Michelle Kimpton of DuraSpace then discussed the DuraCloud project, which seeks to develop a trustworthy, non-proprietary cloud computing environment that will preserve digital information. In cloud computing environments, massively scalable and flexible IT-related capabilities are provided “as a service” over the Internet. They offer unprecedented flexibility and scalability, economies of scale, and ease of implementation. However, cloud computing is an emerging market, providers are motivated by profit, information about system architectures and protocols is hard to come by, and as a result cultural heritage institutions are rightfully reluctant to trust providers.
DuraCloud will enable institutions that maintain DSpace and FEDORA institutional repositories to preserve the materials in their repositories in a cloud computing environment; via a Firefox browser extension, it will also allow users to identify content that should be preserved. A Web interface will enable users to monitor their data and, possibly, run services.
DuraCloud members to create and manage multiple, geographically distributed copies of their holdings, monitor their digital content and verify that they have not been inadvertently or deliberately altered, and take advantage of the cloud’s processing power when doing indexing and other heavy processing jobs. It will also provide search, aggregation, video streaming and file migration services and will enable institutions that don’t want to maintain their institutional repositories locally to do so within a cloud environment.
The DuraCloud software, which is open source, will be released next month, and in a few months DuraSpace itself will conduct pilot testing with a select handful of cloud computing providers (Sun, Amazon, Rackspace, and EMC) and two cultural heritage institutions (the New York Public Library and the Biodiversity Heritage Library).
Fascinating project. We’ve known for some time that DSpace and FEDORA are really access systems, but lots of us have used them as interim preservation systems because we lack better options.
The next session was a “breakout” that consisted of simultaneous panels focusing on one or two NDIIPP projects. The Persistent Digital Archives and Library System (PeDALS) project was featured in a session that focused on digital preservation contracts and agreements. The first half of the session consisted of an overview of the contracts and agreements that support a variety of collaborative digital preservation initiatives:
- Vicki Reich discussed the CLOCKSS Archive, which brings together libraries and publishers on equal terms and provides free public access to materials in the archive that are no longer offered for sale.
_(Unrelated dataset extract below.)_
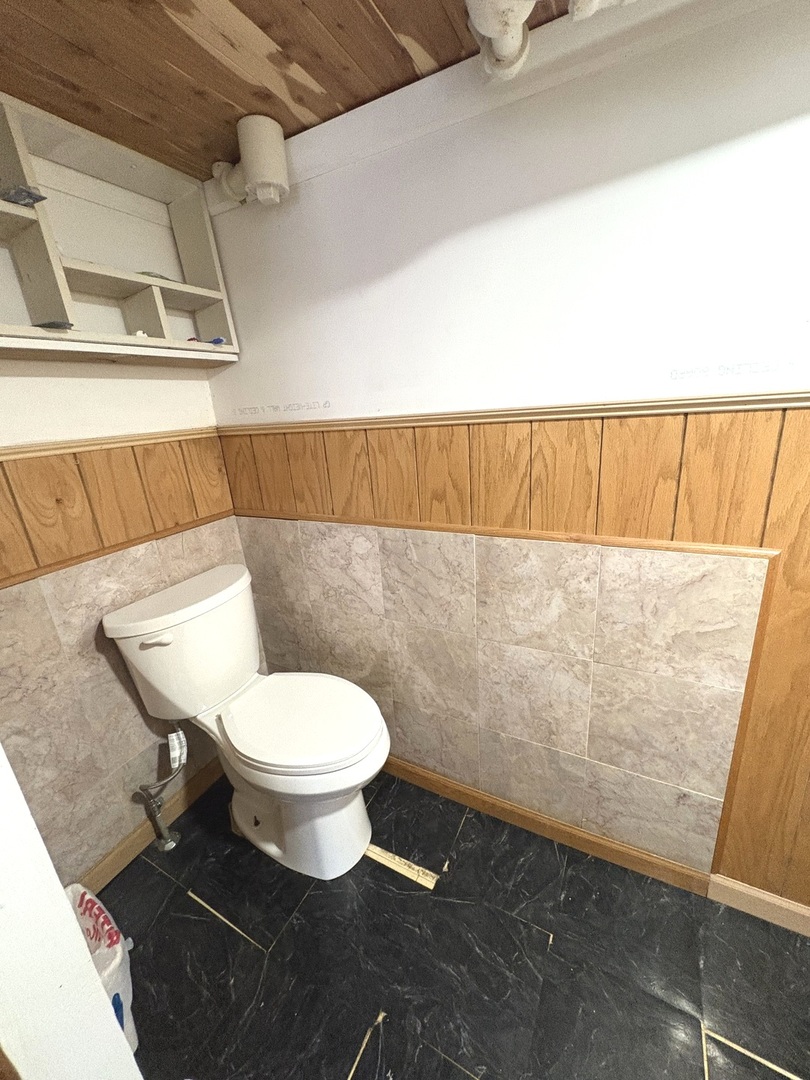 631 Bent Street Elgin, IL 60120 - Photo 37 of 43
- Julie Sweetkind-Singer detailed the provider agreements and content node agreements that govern the operations of the National Geospatial Digital Archive.
- Myron Gutman discussed the development Data-PASS, which grew out of previous collaborations between the project’s partners and lengthy experience preserving social science data.
- Dwayne Buttler, an attorney who was instrumental in crafting the agreements that support the operations of the MetaArchive Cooperative, emphasized that contracts, which focus on enforceability, grow out of a lack of trust and allow for simultaneous sharing and control; in contrast, agreements articulate goals.
- People involved in long-distance collaborative projects need structured, consistent activities and expectations of involvement; both are key to fostering a sense of project ownership.
- Lack of face-to-face interaction makes it harder for people to feel engaged; conference calls and other tools can help bridge the gap, but nothing really takes the place of getting to know other people.
- Working in smaller teams capitalizes upon our strengths -- provided that we make sure that the right mix of IT, archival, and library personnel are involved.
- Team members must be open to learning as they go and creative and innovative.
- Working on this project has brought to light a number of challenges: communication and collaboration over long distances and multiple time zones, differences in organizational cultures, responsibilities, and IT infrastructures, learning to speak each other’s languages, and finding the right IT consultant.
- We are nonetheless rowing in the same direction: we’ve learned to balance local practice with common requirements, and individual partners are beginning to incorporate PeDALS principles and standards into their current cataloging and other work.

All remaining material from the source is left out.